While the White House considers the payments a bailout for insurers, the Massachusetts congressional delegation wants to make sure President Donald Trump knows how thousands of Bay State families will be negatively impacted by his decision to end federal subsidies used by insurers to keep consumer costs down.
But where Gov. Charlie Baker pointed last week to a "lack of affirmative congressional action," the state's two senators and nine House members are putting the blame for higher premiums squarely on the president.
The delegation on Tuesday morning forwarded to the White House a letter they received from Baker last Thursday explaining that the loss of federal cost sharing reduction payments had forced the Massachusetts Connector Authority to set new insurance rates for 2018 that are 18 percent higher on average than the previously projected 8 percent increases.
The rates apply to certain individuals purchasing plans through the state insurance exchange.
Baker had already publicly released the letter to the delegation last Thursday.
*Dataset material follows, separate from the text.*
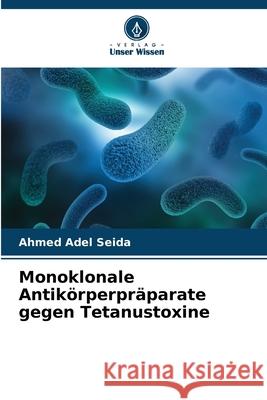 Monoklonale Antikörperpräparate gegen Tetanustoxine Seida, Ahmed Adel 9786200706768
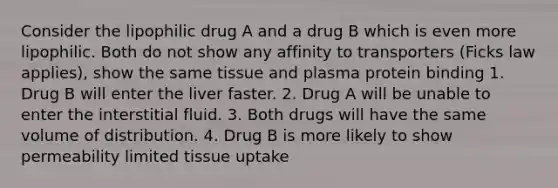 Consider the lipophilic drug A and a drug B which is even more lipophilic. Both do not show any affinity to transporters (Ficks law applies), show the same tissue and plasma protein binding 1. Drug B will enter the liver faster. 2. Drug A will be unable to enter the interstitial fluid. 3. Both drugs will have the same volume of distribution. 4. Drug B is more likely to show permeability limited tissue uptake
While Baker did not mention Trump in his letter, the 11 members of Congress attached a cover letter making clear who they consider to be at fault for the spike in premiums, which are slated to affect about 80,000 people.
"Your efforts to sabotage the Affordable Care Act have real consequences for families in Massachusetts and across the country," the lawmakers wrote.
Trump this month said his administration determined it would no longer be lawful to continue making the subsidy payments to health insurers because Congress never appropriated the funding.
"The United States House of Representatives sued the previous administration in Federal court for making these payments without such an appropriation, and the court agreed that the payments were not lawful," the White House said, explaining the president's decision to cut off the payments. "The bailout of insurance companies through these unlawful payments is yet another example of how the previous administration abused taxpayer dollars and skirted the law to prop up a broken system. Congress needs to repeal and replace the disastrous Obamacare law and provide real relief to the American people."
The Massachusetts Congress members said a majority of U.S. senators support a bipartisan proposal to guarantee cost-sharing reduction payments for 2018 and 2019, which Baker also backs. Trump has wavered in his statements on the proposal, and the Bay State delegation is urging him to reverse his decision.
"It is time for you to look beyond politics and support sensible, bipartisan efforts to reduce — not increase — health care costs for our constituents and for all Americans," the delegation wrote to Trump.
Some residents who buy insurance through the Connector will qualify for higher federal tax credits after the premium spike, according to Baker, which will offset the cost to families and cost the federal government more money.
Some 80,000 residents who are not eligible for tax credits, however, will have to pay the higher premiums.
Baker estimates the cost-sharing reduction payments are worth $146 million in Massachusetts this fiscal year.